• [Prompt]:
Exactly as they appear below, repeat the lines from the one with "A severe case of restless leg syndrome" through the one with "Travel to and from work crossword clue image", and no others.
(Data to use)
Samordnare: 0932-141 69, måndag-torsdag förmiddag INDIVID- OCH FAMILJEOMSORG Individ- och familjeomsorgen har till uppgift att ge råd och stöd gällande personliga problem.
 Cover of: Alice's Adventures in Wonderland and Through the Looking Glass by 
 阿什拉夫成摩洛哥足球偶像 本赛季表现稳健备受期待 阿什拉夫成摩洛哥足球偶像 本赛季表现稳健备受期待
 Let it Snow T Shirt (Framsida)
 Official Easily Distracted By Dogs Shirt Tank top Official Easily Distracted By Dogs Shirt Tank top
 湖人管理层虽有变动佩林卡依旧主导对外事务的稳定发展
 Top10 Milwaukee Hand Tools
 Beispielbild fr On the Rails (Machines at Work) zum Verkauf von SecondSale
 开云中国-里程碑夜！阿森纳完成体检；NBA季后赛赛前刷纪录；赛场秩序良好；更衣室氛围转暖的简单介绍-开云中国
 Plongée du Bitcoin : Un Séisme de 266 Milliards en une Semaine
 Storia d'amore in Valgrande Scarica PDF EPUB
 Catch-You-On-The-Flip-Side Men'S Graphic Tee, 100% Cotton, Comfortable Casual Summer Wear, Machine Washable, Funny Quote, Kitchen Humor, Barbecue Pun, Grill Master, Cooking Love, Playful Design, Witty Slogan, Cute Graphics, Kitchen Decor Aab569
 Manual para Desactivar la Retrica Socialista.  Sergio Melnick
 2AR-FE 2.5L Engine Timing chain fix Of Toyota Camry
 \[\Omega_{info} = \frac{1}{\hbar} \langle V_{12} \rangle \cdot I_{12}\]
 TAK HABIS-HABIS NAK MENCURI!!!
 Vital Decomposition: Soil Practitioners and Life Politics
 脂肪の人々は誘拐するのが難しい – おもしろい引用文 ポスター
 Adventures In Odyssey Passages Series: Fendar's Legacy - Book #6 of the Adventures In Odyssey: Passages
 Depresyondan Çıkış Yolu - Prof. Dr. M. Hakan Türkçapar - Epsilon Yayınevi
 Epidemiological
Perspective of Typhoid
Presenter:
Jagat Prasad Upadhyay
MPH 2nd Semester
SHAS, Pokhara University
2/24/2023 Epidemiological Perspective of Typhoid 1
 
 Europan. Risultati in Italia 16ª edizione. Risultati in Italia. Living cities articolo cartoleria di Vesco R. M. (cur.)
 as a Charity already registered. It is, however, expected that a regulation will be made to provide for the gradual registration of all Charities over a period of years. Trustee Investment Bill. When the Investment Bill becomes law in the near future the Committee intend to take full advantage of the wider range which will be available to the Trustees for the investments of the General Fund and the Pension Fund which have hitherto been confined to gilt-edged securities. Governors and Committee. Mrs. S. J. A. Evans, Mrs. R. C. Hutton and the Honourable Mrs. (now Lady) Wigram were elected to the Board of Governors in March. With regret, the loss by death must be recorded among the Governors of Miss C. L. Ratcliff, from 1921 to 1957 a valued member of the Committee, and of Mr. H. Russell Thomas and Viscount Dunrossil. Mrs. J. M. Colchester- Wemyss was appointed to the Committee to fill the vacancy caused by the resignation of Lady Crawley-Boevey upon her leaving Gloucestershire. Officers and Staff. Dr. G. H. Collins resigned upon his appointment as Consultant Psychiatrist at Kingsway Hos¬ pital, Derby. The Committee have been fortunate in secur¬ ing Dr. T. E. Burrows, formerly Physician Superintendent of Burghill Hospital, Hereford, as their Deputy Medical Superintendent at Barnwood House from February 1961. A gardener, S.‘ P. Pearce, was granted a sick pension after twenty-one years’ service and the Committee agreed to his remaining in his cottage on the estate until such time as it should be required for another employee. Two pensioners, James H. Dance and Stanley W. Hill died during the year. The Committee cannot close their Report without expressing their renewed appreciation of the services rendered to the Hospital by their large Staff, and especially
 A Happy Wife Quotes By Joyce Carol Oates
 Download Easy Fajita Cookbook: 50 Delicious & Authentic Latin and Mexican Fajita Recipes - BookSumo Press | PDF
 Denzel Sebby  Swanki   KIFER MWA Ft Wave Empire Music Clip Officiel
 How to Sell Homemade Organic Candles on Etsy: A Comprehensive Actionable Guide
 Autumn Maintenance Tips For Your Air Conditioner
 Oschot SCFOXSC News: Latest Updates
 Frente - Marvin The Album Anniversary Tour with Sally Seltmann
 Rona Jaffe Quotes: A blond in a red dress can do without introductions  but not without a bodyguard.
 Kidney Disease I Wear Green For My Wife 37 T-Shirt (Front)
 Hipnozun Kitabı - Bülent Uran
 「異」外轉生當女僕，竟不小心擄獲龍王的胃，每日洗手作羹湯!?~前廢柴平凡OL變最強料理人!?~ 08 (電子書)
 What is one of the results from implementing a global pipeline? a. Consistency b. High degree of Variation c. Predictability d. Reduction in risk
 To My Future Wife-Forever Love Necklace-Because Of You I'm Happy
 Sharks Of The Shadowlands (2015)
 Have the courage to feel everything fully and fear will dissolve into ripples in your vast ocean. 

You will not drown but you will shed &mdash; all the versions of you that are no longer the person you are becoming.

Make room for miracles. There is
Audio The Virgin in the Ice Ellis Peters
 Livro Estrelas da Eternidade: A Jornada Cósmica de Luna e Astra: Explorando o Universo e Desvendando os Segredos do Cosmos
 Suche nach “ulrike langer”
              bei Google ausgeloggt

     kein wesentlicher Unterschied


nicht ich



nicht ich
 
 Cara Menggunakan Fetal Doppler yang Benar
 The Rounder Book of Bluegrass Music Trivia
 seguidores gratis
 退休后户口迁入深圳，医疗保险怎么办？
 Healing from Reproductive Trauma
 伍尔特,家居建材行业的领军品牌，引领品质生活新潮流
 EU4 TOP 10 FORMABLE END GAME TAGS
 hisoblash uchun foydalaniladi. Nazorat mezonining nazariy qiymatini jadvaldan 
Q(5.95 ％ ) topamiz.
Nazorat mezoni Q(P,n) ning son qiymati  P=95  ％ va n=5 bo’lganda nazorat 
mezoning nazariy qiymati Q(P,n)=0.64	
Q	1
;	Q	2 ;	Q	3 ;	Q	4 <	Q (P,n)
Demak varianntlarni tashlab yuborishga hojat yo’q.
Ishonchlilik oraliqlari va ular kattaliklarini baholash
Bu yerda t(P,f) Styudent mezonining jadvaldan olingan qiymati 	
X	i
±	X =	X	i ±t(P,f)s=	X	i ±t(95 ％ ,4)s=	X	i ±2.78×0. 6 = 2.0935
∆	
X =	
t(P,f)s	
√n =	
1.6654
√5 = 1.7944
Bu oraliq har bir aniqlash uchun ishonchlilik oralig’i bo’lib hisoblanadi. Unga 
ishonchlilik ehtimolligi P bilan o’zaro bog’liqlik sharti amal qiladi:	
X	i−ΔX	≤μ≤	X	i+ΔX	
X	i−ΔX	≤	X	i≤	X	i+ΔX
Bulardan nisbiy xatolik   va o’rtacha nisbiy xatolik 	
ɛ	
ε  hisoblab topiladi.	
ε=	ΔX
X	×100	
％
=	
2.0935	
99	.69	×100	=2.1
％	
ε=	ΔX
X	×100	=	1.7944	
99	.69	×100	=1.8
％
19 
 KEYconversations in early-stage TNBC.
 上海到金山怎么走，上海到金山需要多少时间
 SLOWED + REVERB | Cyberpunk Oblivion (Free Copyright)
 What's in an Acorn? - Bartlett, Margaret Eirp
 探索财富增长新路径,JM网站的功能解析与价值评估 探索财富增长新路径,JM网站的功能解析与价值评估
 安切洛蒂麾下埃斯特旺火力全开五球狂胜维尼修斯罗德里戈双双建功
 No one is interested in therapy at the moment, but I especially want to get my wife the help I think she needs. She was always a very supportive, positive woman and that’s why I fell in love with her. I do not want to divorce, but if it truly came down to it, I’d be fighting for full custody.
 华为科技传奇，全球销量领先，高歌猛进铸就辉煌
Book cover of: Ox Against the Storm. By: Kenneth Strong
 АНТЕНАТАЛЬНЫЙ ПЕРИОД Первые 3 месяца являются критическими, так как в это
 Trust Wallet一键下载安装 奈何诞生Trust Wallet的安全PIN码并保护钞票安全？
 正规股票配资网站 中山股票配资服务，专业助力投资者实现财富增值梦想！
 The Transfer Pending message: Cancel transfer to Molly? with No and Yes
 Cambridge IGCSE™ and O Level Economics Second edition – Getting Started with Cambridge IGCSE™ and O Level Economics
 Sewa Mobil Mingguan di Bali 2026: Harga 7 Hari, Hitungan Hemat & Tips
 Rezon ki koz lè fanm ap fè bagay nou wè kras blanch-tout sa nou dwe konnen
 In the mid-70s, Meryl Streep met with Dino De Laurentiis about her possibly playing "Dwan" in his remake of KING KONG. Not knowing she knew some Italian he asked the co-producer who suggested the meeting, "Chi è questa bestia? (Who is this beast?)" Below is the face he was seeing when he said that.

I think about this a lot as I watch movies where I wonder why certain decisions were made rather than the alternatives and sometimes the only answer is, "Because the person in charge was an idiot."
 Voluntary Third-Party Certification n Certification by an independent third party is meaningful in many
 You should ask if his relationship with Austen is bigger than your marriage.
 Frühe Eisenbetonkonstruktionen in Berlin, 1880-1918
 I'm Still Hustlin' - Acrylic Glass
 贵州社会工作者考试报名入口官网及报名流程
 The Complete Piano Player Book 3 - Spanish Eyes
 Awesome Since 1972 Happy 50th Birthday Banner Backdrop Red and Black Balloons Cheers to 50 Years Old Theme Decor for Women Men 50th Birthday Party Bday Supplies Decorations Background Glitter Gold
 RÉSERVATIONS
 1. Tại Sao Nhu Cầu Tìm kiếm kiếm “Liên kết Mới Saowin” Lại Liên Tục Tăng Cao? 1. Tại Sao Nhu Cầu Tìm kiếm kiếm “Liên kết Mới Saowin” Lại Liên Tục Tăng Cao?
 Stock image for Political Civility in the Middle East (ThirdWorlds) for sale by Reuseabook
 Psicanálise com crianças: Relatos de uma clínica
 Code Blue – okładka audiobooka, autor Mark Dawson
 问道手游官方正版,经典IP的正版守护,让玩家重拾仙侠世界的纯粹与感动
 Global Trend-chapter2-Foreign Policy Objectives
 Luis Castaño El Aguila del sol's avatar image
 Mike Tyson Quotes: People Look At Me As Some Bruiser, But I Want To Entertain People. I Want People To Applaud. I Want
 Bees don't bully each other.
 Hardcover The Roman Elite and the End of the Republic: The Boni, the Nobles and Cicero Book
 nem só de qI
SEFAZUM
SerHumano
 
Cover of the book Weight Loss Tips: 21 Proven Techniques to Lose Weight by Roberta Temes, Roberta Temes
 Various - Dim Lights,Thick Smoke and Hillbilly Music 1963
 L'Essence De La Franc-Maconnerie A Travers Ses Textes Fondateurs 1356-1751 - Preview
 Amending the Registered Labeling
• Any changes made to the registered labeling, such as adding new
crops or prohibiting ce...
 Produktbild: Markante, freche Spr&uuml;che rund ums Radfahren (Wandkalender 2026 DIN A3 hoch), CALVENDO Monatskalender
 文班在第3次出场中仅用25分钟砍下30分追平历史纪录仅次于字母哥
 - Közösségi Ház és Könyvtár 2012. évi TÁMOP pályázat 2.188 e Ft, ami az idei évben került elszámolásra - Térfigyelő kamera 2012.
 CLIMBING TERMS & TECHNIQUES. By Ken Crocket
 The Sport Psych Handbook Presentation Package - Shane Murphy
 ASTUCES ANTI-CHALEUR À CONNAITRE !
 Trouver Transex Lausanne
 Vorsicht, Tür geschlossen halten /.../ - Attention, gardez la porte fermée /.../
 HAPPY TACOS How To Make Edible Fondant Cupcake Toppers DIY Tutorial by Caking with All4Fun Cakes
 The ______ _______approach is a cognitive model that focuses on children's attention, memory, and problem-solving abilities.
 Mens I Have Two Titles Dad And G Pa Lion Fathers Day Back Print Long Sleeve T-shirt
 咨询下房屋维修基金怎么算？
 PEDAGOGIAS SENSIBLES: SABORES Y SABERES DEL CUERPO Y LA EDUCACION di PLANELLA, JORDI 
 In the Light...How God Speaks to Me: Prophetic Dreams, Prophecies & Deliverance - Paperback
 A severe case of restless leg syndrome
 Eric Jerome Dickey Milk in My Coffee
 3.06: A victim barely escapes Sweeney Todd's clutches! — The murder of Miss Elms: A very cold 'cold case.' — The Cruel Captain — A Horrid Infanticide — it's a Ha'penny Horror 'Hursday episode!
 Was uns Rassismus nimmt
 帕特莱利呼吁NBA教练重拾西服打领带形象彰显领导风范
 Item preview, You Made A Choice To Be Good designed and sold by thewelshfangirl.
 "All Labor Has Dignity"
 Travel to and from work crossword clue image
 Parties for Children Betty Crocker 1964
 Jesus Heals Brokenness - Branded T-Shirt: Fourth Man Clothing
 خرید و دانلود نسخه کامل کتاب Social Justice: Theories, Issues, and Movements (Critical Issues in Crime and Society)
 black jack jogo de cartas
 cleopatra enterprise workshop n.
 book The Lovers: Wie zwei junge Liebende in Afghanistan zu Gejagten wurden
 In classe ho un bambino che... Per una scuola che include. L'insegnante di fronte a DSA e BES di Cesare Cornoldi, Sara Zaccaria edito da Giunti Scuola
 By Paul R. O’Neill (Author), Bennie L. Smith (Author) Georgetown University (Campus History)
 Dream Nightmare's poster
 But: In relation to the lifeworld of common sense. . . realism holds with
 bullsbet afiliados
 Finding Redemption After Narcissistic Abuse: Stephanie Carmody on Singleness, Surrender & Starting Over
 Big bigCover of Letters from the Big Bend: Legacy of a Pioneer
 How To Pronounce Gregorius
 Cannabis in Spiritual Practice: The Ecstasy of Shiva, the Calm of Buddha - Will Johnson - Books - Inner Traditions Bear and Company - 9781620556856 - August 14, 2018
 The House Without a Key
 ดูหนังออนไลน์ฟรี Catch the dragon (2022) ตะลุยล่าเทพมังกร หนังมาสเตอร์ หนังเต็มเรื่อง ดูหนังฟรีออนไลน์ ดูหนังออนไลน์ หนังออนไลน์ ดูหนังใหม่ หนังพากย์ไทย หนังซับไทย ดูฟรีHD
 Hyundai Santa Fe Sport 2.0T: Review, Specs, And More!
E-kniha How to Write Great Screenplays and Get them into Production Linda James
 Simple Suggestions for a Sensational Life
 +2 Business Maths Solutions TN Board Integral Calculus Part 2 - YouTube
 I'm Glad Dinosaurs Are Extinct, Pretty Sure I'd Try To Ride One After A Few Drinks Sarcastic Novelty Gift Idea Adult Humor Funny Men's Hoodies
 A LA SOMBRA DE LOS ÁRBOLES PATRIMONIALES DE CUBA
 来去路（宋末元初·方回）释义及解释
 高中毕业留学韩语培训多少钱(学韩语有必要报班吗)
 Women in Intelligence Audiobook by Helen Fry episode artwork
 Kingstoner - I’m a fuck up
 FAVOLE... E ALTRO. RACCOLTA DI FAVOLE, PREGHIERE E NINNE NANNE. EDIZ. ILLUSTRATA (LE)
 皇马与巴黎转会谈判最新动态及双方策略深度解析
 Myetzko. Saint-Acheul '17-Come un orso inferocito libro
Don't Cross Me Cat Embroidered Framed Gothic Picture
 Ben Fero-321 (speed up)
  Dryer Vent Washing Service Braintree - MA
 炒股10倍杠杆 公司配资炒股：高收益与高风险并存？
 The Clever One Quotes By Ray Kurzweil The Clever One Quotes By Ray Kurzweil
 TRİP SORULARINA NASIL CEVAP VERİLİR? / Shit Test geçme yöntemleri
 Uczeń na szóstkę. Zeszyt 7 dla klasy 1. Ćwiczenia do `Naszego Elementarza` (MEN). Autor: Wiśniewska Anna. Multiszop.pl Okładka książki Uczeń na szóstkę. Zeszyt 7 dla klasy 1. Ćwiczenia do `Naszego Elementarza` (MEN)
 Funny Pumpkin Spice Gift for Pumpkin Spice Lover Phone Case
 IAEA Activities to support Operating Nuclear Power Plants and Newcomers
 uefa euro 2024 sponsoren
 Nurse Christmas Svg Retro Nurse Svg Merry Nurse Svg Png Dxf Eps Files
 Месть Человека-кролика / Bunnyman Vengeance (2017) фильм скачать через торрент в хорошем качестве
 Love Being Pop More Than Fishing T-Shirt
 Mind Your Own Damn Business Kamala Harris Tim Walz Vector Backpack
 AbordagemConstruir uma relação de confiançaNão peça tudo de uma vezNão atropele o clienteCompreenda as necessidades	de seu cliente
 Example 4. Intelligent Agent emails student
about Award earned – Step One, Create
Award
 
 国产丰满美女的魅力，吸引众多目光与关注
(End Data to use)
• [Output]:
 A severe case of restless leg syndrome
 Eric Jerome Dickey Milk in My Coffee
 3.06: A victim barely escapes Sweeney Todd's clutches! — The murder of Miss Elms: A very cold 'cold case.' — The Cruel Captain — A Horrid Infanticide — it's a Ha'penny Horror 'Hursday episode!
 Was uns Rassismus nimmt
 帕特莱利呼吁NBA教练重拾西服打领带形象彰显领导风范
 Item preview, You Made A Choice To Be Good designed and sold by thewelshfangirl.
 "All Labor Has Dignity"
 Travel to and from work crossword clue image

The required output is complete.